Why does American math homework look like a battlefield?
If you look at a US student’s worksheet after a subtraction test, it’s a mess of crossed-out numbers, tiny floating 1s, and graphite smudges. We teach kids to "explode" the numbers just to solve 5,000−236.
By the time they finish borrowing, they’ve done so much bookkeeping they forget what they were subtracting.
There is a better way.
In Kiselev’s classic Arithmetic (the gold standard of Russian math education), the page remains pristine. They don’t scratch out digits. They use The Dot.
Here is the difference:
❌ The "Scratch-Out" Method (Standard US): To borrow across zeros, the student physically crosses out the 5, writes a 4, crosses out a 0, writes a 9, crosses out another 0... It’s visual noise. It treats the student like they can’t hold a thought in their head.

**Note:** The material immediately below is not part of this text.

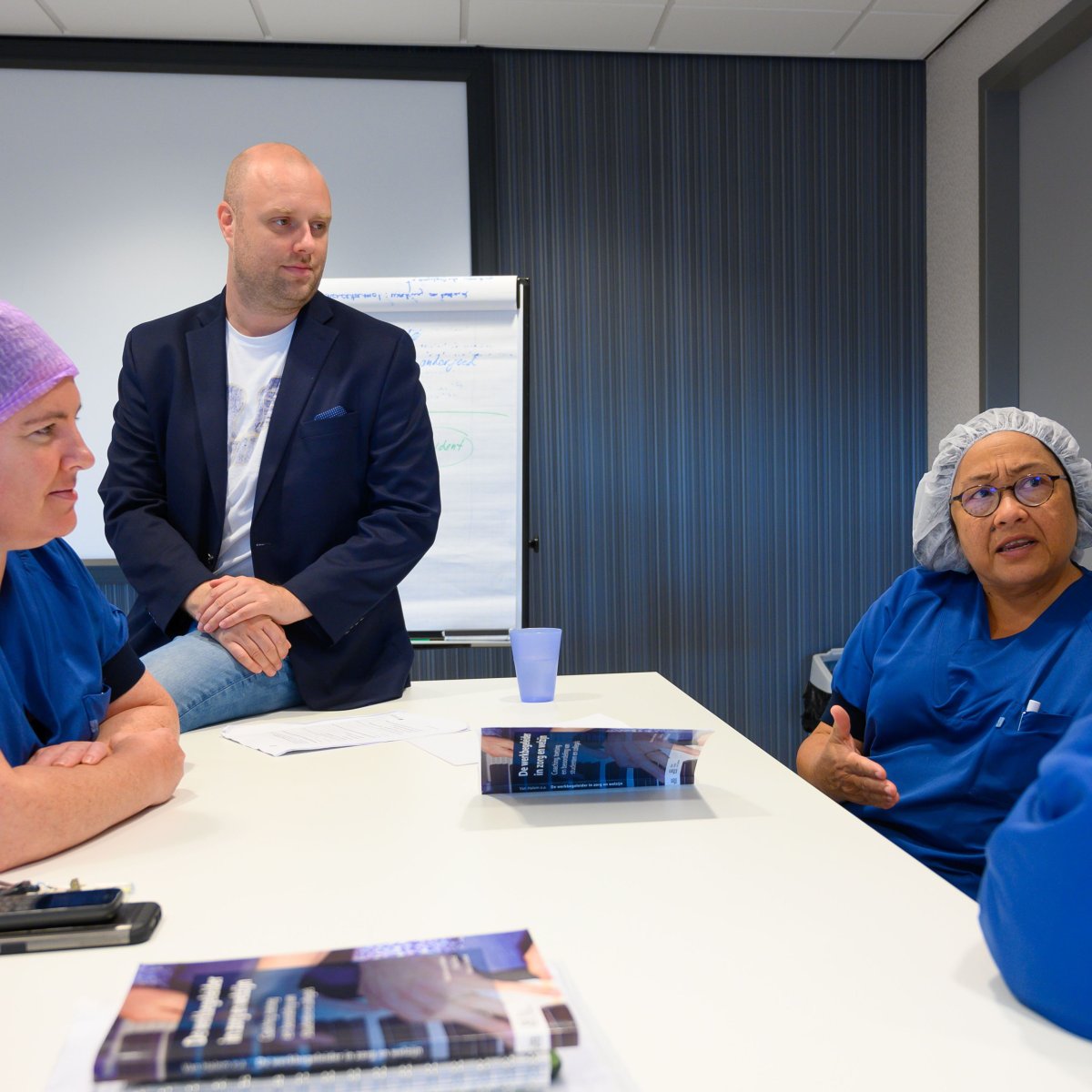 Amsterdam UMC, Locatie VUmc - Learning by doing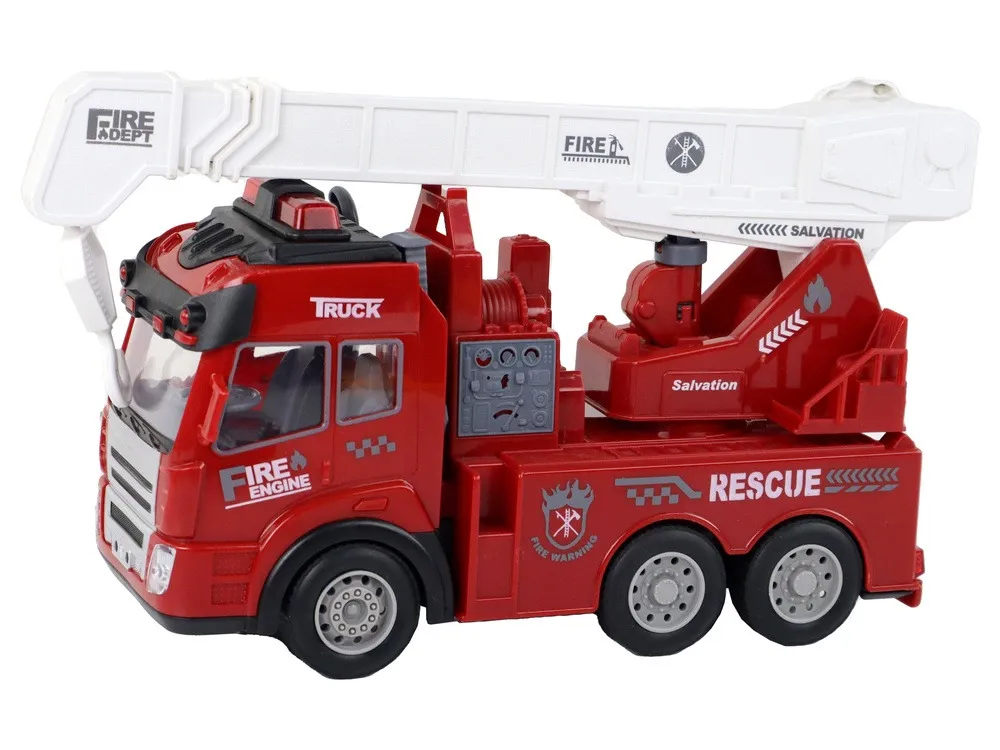 fire department with crane remote control model - slika 2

✅ The "Dot" Method (Kiselev): The student sees they need to borrow. They place a single dot over the 5. That’s it. The logic handles the rest: “I borrowed across zeros, so the dot reduces the source by 1, and the middle zeros become 9s.”
It is faster. It is cleaner. But most importantly, it teaches Place Value Logic instead of clerical scratching.
We are currently finalizing the translation of Kiselev’s Arithmetic for a new US audience. We aren't just translating words; we are recovering tools that respect a student’s intelligence.
Math shouldn’t be a war on paper. It should be elegant.